Copy the records below without altering a single word.

■ **Input material**:

━━━━━━━━━━━━━━━━━━━━━━━━━━━━━━

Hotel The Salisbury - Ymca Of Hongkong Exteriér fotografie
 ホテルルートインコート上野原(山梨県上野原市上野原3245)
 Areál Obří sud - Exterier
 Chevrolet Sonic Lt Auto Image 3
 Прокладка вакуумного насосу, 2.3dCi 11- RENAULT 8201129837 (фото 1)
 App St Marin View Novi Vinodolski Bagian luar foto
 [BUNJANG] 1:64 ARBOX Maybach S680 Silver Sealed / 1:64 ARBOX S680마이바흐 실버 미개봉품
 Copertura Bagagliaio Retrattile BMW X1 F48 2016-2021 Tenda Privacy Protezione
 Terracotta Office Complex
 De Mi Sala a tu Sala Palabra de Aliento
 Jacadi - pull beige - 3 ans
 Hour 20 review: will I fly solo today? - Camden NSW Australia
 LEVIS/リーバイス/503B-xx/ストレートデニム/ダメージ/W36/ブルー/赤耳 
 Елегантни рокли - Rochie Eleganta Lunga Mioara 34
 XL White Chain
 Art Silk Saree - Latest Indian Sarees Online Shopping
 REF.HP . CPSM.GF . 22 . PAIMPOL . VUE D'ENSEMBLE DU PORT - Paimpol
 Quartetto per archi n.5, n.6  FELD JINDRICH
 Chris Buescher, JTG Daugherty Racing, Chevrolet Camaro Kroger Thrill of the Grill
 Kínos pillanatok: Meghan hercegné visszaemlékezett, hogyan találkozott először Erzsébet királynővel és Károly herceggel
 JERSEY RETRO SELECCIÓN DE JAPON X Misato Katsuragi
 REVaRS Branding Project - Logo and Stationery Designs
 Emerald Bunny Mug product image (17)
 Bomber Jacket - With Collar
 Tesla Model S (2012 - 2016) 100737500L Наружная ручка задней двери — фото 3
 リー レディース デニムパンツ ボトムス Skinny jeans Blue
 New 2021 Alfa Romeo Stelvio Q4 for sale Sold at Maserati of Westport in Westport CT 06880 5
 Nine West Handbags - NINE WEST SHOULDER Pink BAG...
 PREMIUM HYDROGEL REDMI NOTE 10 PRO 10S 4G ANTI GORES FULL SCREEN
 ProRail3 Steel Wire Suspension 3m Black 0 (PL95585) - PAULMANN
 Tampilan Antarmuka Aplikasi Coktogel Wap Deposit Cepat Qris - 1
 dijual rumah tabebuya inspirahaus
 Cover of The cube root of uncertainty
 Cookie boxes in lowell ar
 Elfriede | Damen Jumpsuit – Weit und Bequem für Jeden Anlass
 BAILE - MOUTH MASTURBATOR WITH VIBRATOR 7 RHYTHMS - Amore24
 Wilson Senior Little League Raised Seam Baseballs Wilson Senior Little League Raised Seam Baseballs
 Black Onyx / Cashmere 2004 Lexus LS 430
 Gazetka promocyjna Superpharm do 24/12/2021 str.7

━━━━━━━━━━━━━━━━━━━━━━━━━━━━━━

■ **Response box**:
Hotel The Salisbury - Ymca Of Hongkong Exteriér fotografie
 ホテルルートインコート上野原(山梨県上野原市上野原3245)
 Areál Obří sud - Exterier
 Chevrolet Sonic Lt Auto Image 3
 Прокладка вакуумного насосу, 2.3dCi 11- RENAULT 8201129837 (фото 1)
 App St Marin View Novi Vinodolski Bagian luar foto
 [BUNJANG] 1:64 ARBOX Maybach S680 Silver Sealed / 1:64 ARBOX S680마이바흐 실버 미개봉품
 Copertura Bagagliaio Retrattile BMW X1 F48 2016-2021 Tenda Privacy Protezione
 Terracotta Office Complex
 De Mi Sala a tu Sala Palabra de Aliento
 Jacadi - pull beige - 3 ans
 Hour 20 review: will I fly solo today? - Camden NSW Australia
 LEVIS/リーバイス/503B-xx/ストレートデニム/ダメージ/W36/ブルー/赤耳 
 Елегантни рокли - Rochie Eleganta Lunga Mioara 34
 XL White Chain
 Art Silk Saree - Latest Indian Sarees Online Shopping
 REF.HP . CPSM.GF . 22 . PAIMPOL . VUE D'ENSEMBLE DU PORT - Paimpol
 Quartetto per archi n.5, n.6  FELD JINDRICH
 Chris Buescher, JTG Daugherty Racing, Chevrolet Camaro Kroger Thrill of the Grill
 Kínos pillanatok: Meghan hercegné visszaemlékezett, hogyan találkozott először Erzsébet királynővel és Károly herceggel
 JERSEY RETRO SELECCIÓN DE JAPON X Misato Katsuragi
 REVaRS Branding Project - Logo and Stationery Designs
 Emerald Bunny Mug product image (17)
 Bomber Jacket - With Collar
 Tesla Model S (2012 - 2016) 100737500L Наружная ручка задней двери — фото 3
 リー レディース デニムパンツ ボトムス Skinny jeans Blue
 New 2021 Alfa Romeo Stelvio Q4 for sale Sold at Maserati of Westport in Westport CT 06880 5
 Nine West Handbags - NINE WEST SHOULDER Pink BAG...
 PREMIUM HYDROGEL REDMI NOTE 10 PRO 10S 4G ANTI GORES FULL SCREEN
 ProRail3 Steel Wire Suspension 3m Black 0 (PL95585) - PAULMANN
 Tampilan Antarmuka Aplikasi Coktogel Wap Deposit Cepat Qris - 1
 dijual rumah tabebuya inspirahaus
 Cover of The cube root of uncertainty
 Cookie boxes in lowell ar
 Elfriede | Damen Jumpsuit – Weit und Bequem für Jeden Anlass
 BAILE - MOUTH MASTURBATOR WITH VIBRATOR 7 RHYTHMS - Amore24
 Wilson Senior Little League Raised Seam Baseballs Wilson Senior Little League Raised Seam Baseballs
 Black Onyx / Cashmere 2004 Lexus LS 430
 Gazetka promocyjna Superpharm do 24/12/2021 str.7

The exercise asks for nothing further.